Just got info from Moebius on this light kit they are producing. It was announced at iHobbyExpo. 










More info on the Cult site at http://culttvman.com/main/?p=19483

Steve


----------



## Paulbo (Sep 16, 2004)

Cool. That's the same system they're including in the metal J2 isn't it?


----------



## bert model maker (Feb 19, 2002)

Outstanding


----------



## djnick66 (May 2, 2008)

Awesome. I suck at doing light stuff and really didn't work on my J2 kit because of it


----------



## Seaview (Feb 18, 2004)

VERY cool! I'll get it for my second Jupiter 2 build!


----------



## flyingfrets (Oct 19, 2001)

The wife just gave me the Jupiter 2 kit for my B-day on Friday (HUGE & awesome!). Wanted to jump right in, but now I gotta slam on the brakes till this is available. Only gonna do this one once so might as well do it right!


----------



## bert model maker (Feb 19, 2002)

flyingfrets said:


> The wife just gave me the Jupiter 2 kit for my B-day on Friday (HUGE & awesome!). Wanted to jump right in, but now I gotta slam on the brakes till this is available. Only gonna do this one once so might as well do it right!


iT IS A WONDERFUL MODEL KIT fRETS, sorry caps stuck FRETs you have an email. Your PM box is full and can't accept any more PMS until it is cleared out it says.
bert


----------



## liskorea317 (Mar 27, 2009)

djnick66 said:


> Awesome. I suck at doing light stuff and really didn't work on my J2 kit because of it



I wish this would have come out earlier, as I got two fusion core sets from the wonderful TSDS.


----------



## Dar (Apr 20, 2007)

Cool. Hopefully it will be affordable. Lighting kit prices have almost tripled since the PL Jupiter 2 days.


----------



## Ductapeforever (Mar 6, 2008)

I hope you are sitting down, the Manufacturers Retail Selling Price is $169.99. Cult has them for pre-order at $ 119.00. Was that a collective gasp I heard?

"Yes.....that was cruel Smithers ! Release the hounds !"


----------



## djnick66 (May 2, 2008)

Ductapeforever said:


> I hope you are sitting down, the Manufacturers Retail Selling Price is $169.99. Cult has them for pre-order at $ 119.00. Was that a collective gasp I heard?
> 
> "Yes.....that was cruel Smithers ! Release the hounds !"


For a preassembled or complete set of lights that not unreasonable. I recall paying $99 for my Lunar Fusion Core 20 years ago.
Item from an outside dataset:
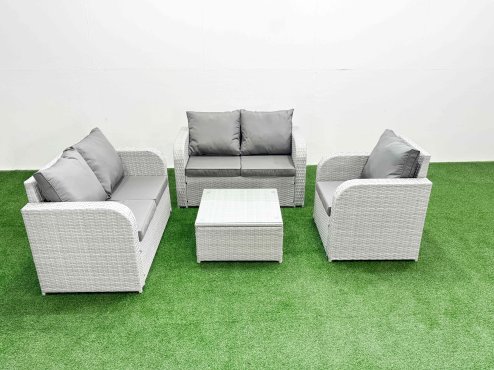 Fimous High Back Poly Rattan Garden Furniture Set with Reclining Chair Loveseat Sofa Square Coffee Table Indoor Outdoor Patio Set Light Grey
My Nautilus lighting kit also ran about $175 and thats just LEDS that glow and dont chase or flicker.


----------



## Captain Han Solo (Apr 5, 2002)

Steve.
Thanks soooo much for taking the time to post this over here.
It's nice to see.

I'll be getting one of these for sure.


----------



## DLHamblin (Nov 7, 2008)

On pre-Order! Since its "plug and play" (or more appropriately "plug and Light") the price is reasonable for what you get.


----------



## bert model maker (Feb 19, 2002)

For plug and play thats not bad, the other lighting kits have to be assembled and wired and soldered & cost almost $100. and for someone who has never done anything like that such as me plus having a physical disability makes me wish for one that is already put together otherwise i have to do without.


----------



## JeffG (May 10, 2004)

Does anyone know whether or not someone is planning to make the interior column lights?


----------



## teslabe (Oct 20, 2007)

JeffG said:


> Does anyone know whether or not someone is planning to make the interior column lights?
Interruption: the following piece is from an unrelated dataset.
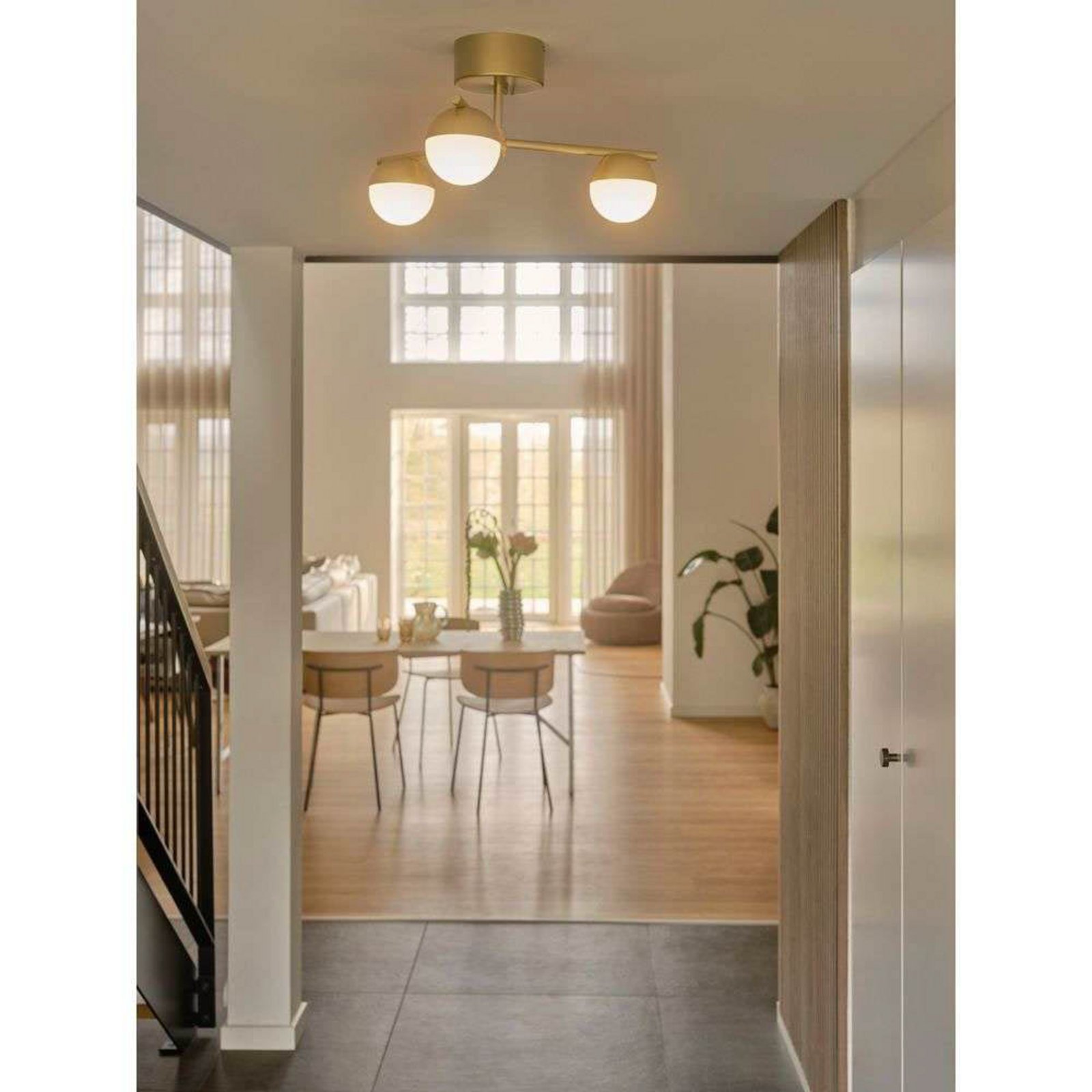 Griestu lampa Contina, misiņa krāsā, Ø 48 cm, metāls/stikls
IMHO, to do it right would require new wall beams I would think. I had to remove alot of plastic on mine to add SMT LEDs. Clear beams would make life soooo easy, then backlight them. But could anyone really make back their investment with the number of beams they would sell?


----------



## JeffG (May 10, 2004)

I was thinking about either using strips of lightsheet on the ends or making and casting them in clear resin and lit from behind or within.


----------



## teslabe (Oct 20, 2007)

JeffG said:


> I was thinking about either using strips of lightsheet on the ends or making and casting them in clear resin and lit from behind or within.
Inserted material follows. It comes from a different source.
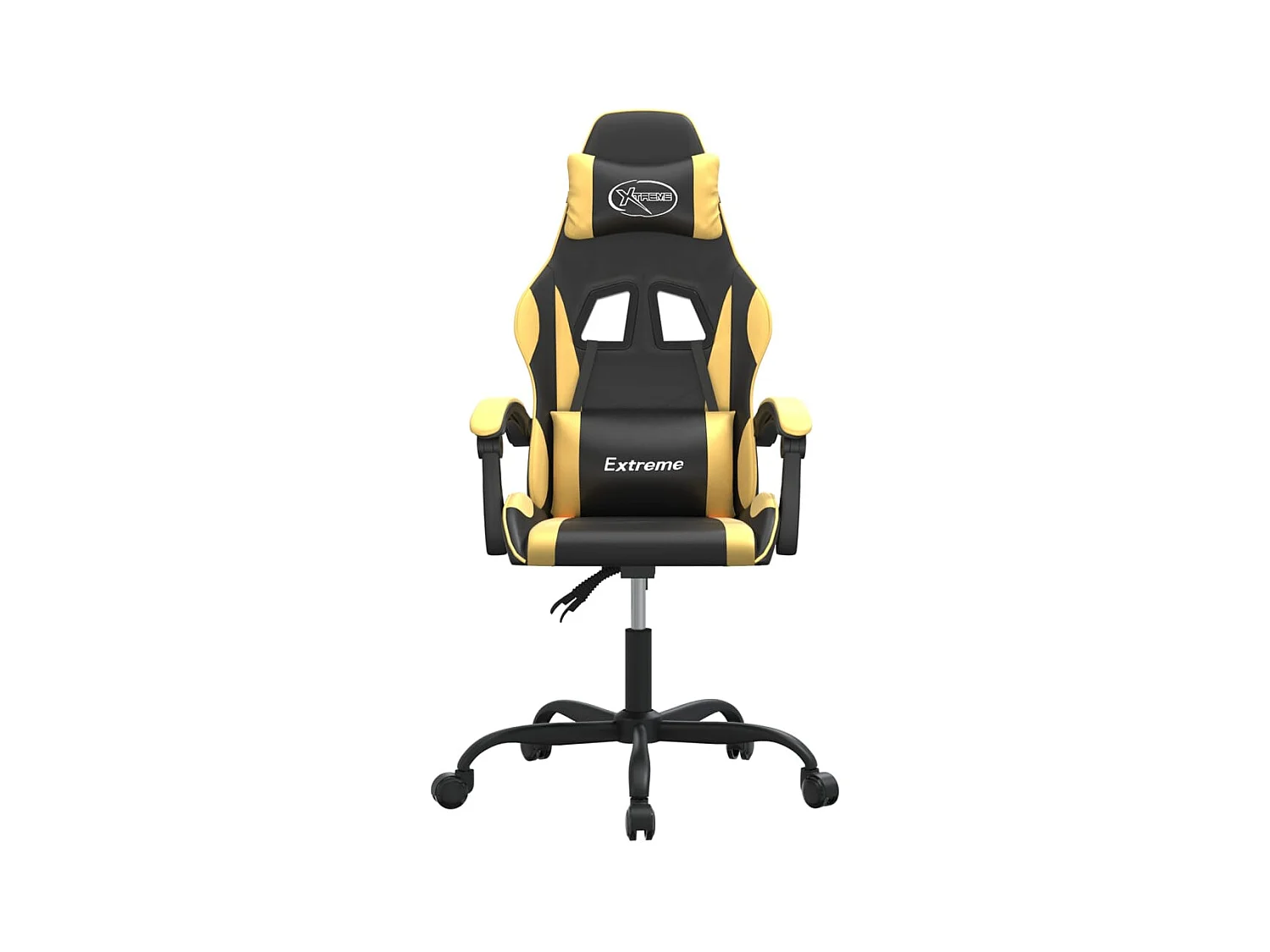 Silla gaming cuero sintético negro y dorado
I am not a fan of EL sheets, just not bright enough and has a life span that is shortened if driven hard enough to make them bright. To get an idea of just how dim an EL solution would be, just get a sample of EL wire about 1-2mm in diameter. It's so dim that any interior lighting will washout the wall beams. There just is not enough surface area. The first photo is of a test I did back in 2008 when looking at ways to light my Seaview's control room. the panel on the left is one before and the right is one after only about 72 hours. I wish I would have measured the luminous level before and after, but it wasn't a scientific test just a FYI test. The second photo is of some 2mm EL wire, believe me the camera make it look brighter then it really is, this stuff just sucks. Clear wall beams with backlighting would be the best IMHO.


----------



## JeffG (May 10, 2004)

Thanks for the info. I have used EL sheets before and while you can make some creative lighting solutions, their brightness, or lack thereof, can be an issue with certain projects. Looks like it's clear casting resin and LED's then.


----------



## Fernando Mureb (Nov 12, 2006)

teslabe said:


> IMHO, to do it right would require new wall beams I would think. I had to remove alot of plastic on mine to add SMT LEDs. Clear beams would make life soooo easy, then backlight them. But could anyone really make back their investment with the number of beams they would sell?


Hi Teslabe
Glad to talk to you again. :wave:
Could you provide us with a step-by-step pictures of your build on the wall beams?


----------



## armymedic80 (Aug 11, 2010)

Another great idea from Moebius Models. That I heard will be plug and play, no hassle of soldering so that definitely makes it a winner.


----------



## Gemini1999 (Sep 25, 2008)

I think that I will be taking advantage of this. It would make my J2 look very spiffy!


----------



## Spockr (Sep 14, 2009)

Anyone know who they used for designing the kit?


----------



## scifimodelfan (Aug 3, 2006)

So looking forward to this, I have the Voodoo lighting set and have been intimidated by all of it and is still sitting in its package after a year. How I wish that I had an electronic background lol at 46 years old feel like a idiot. How I am waiting for someone to come out with wall beams that are lighted. Tslabe has the best idea and when those came out I thought of using them. Can't wait to see what yours look like keep up the good work.


----------



## bert model maker (Feb 19, 2002)

Thats is the very reason I didn't order one, for the price I don't want to mess it up PLUS 1 handed as i am makes it pretty difficult to solder, so do nOT feel like "an idiot". You were wise leaving it in the package until you could get it put together correctly or else risk ruining it. GREAT PRODUCT THOUGH, ME, I LIKE PLUG & PLAY READY TO INSTALL.


----------



## johnF (Aug 31, 2010)

*Question for Teslabe*



teslabe said:


> IMHO, to do it right would require new wall beams I would think. I had to remove alot of plastic on mine to add SMT LEDs. Clear beams would make life soooo easy, then backlight them. But could anyone really make back their investment with the number of beams they would sell?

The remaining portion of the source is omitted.